At Thorncreek Golf Course on Wednesday, she left no doubt as to who was the queen of Class 4A golf when she ended her title-winning, junior-season run with a 7-under-par 137 through two days of grueling play. On Wednesday alone, she shot 4-under on her final five holes to net a 66 on the par-72 course.
No one, not even Erie’s defending state champion Hadley Ashton, could touch that number. Ashton placed second with a 145 after shooting par on the second day.
“On the front nine yesterday, I started off a little slow,” Hale said. “I was pretty frustrated, and then I kind of fell into a rhythm on the back nine, and made some good birdies. Going into today, I kind of kept that rhythm. Today, it was more of a confidence nervous but coming down the stretch, it was just pure adrenaline, I would say. I was just hitting shots that I wasn’t even planning on hitting or didn’t think I could hit today.”

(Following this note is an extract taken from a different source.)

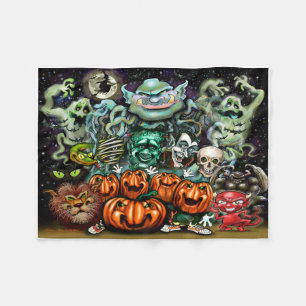 Halloween Fun Art Fleece Blanket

She and Ashton headlined Erie’s second-consecutive 4A state team title, as the Tigers blew the rest of the field away. Second-place Durango trailed 49 strokes behind.
From the moment her sophomore season ended, Hale worked relentlessly on the mental game that held her back. When she entered the competition at Thorncreek, she let her nerves fuel her instead of holding her back.
Her second round ended in the most poetic way. She sunk a 25-foot, downhill putt on the 18th hole that she didn’t expect to hit. Her coach, Brandon Bird, never lost faith in her ability to dominate the field. He knew this would be the outcome at the beginning of the season.
“What I’ve always seen with Logan is that her ceiling is extremely high,” Bird said. “It was just a matter of, can she dial it in at the right times? She’s always kind of been that wild card because her talent is immense where, you know, Hadley, she’s miss consistent. She’s always going to do the same because she’s a machine.
“It’s her power. There’s no one in the state that can hit it as far as she can at any level. … She is just head and shoulders above the next closest player in terms of just her ability to drive the ball deep.”
Sophomore Taylor Hale tied for ninth place after carding a 159, and junior Hollyn Drennen rounded out the Tigers’ effort at 70th with a 199.